• _Task to carry out_: Print each line below verbatim, skipping every picture.
----- Input data
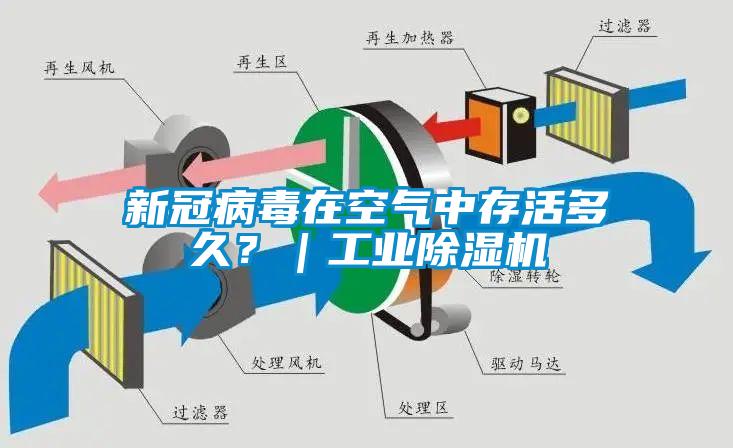 新冠病毒在空氣中存活多久？｜工業除濕機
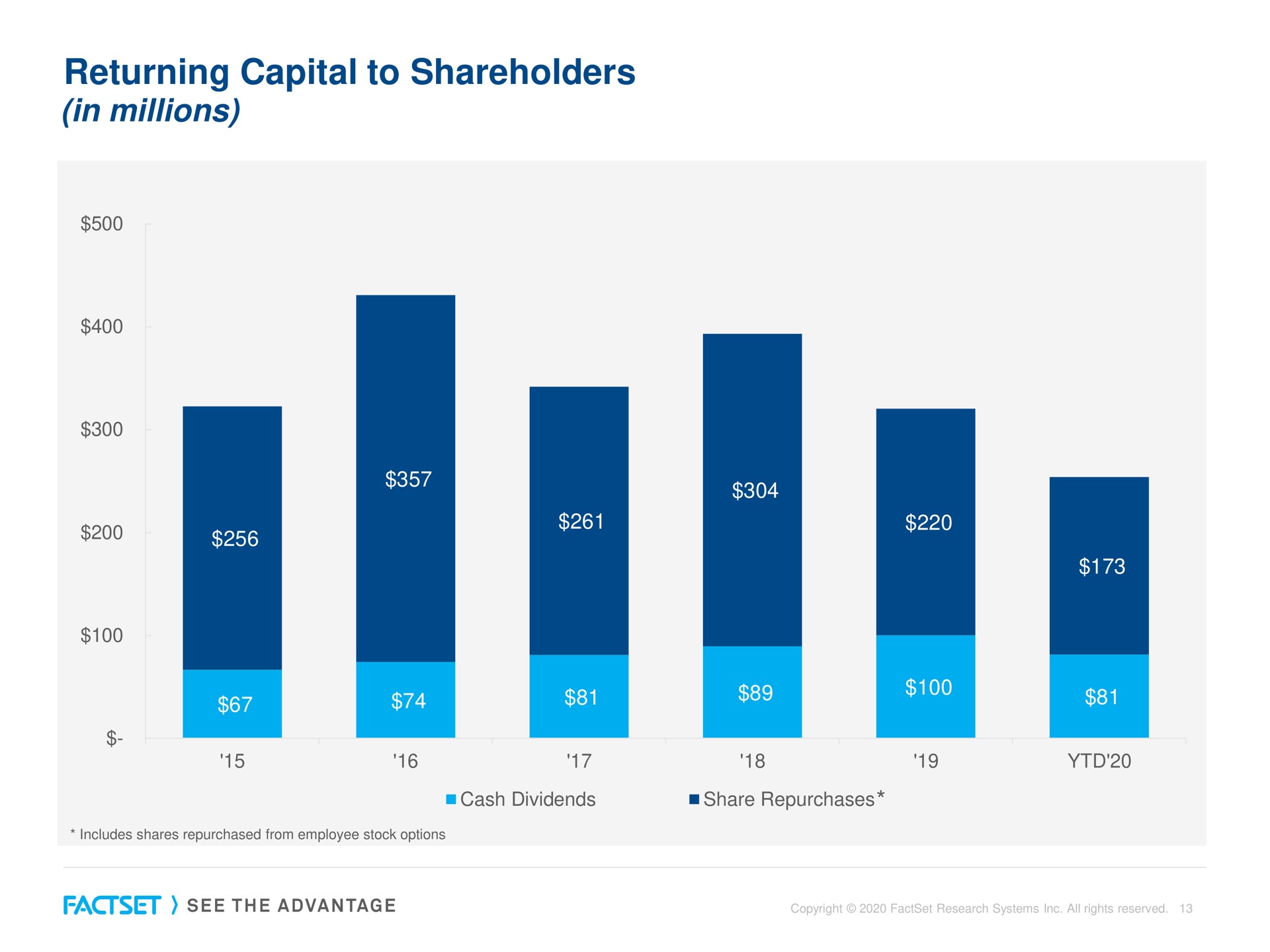 returning capital to shareholders in millions | Factset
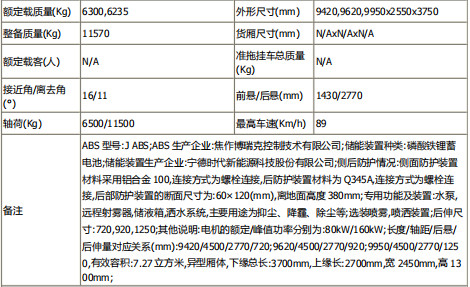 整車公告參數 整車公告參數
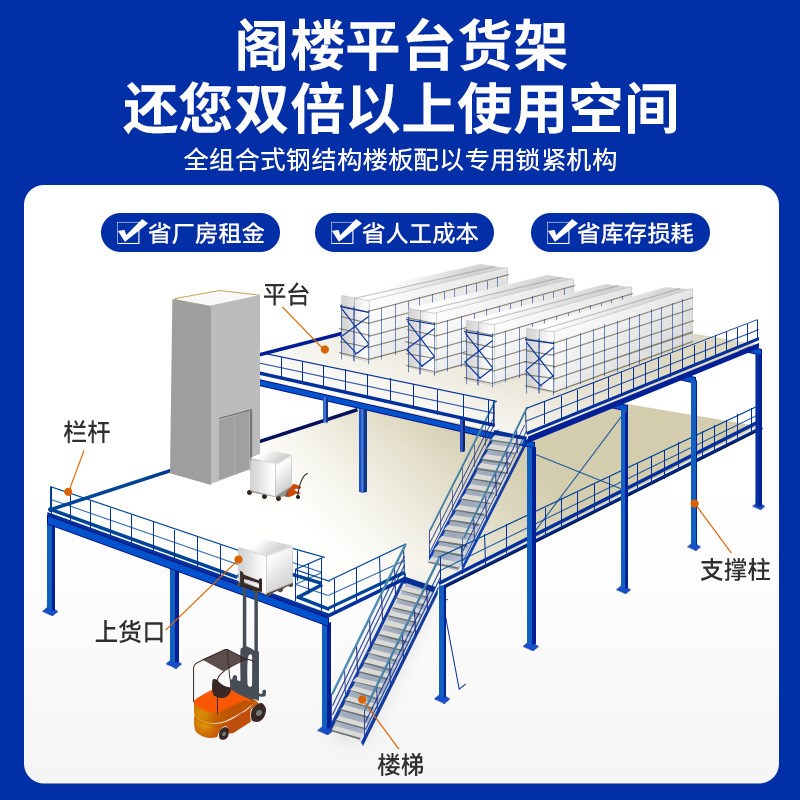 定制二层阁楼平台货架搭建重型仓储仓库室内加厚钢结构无焊接隔楼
----------
• _Exercise result_:
 新冠病毒在空氣中存活多久？｜工業除濕機
 returning capital to shareholders in millions | Factset
 整車公告參數 整車公告參數
 定制二层阁楼平台货架搭建重型仓储仓库室内加厚钢结构无焊接隔楼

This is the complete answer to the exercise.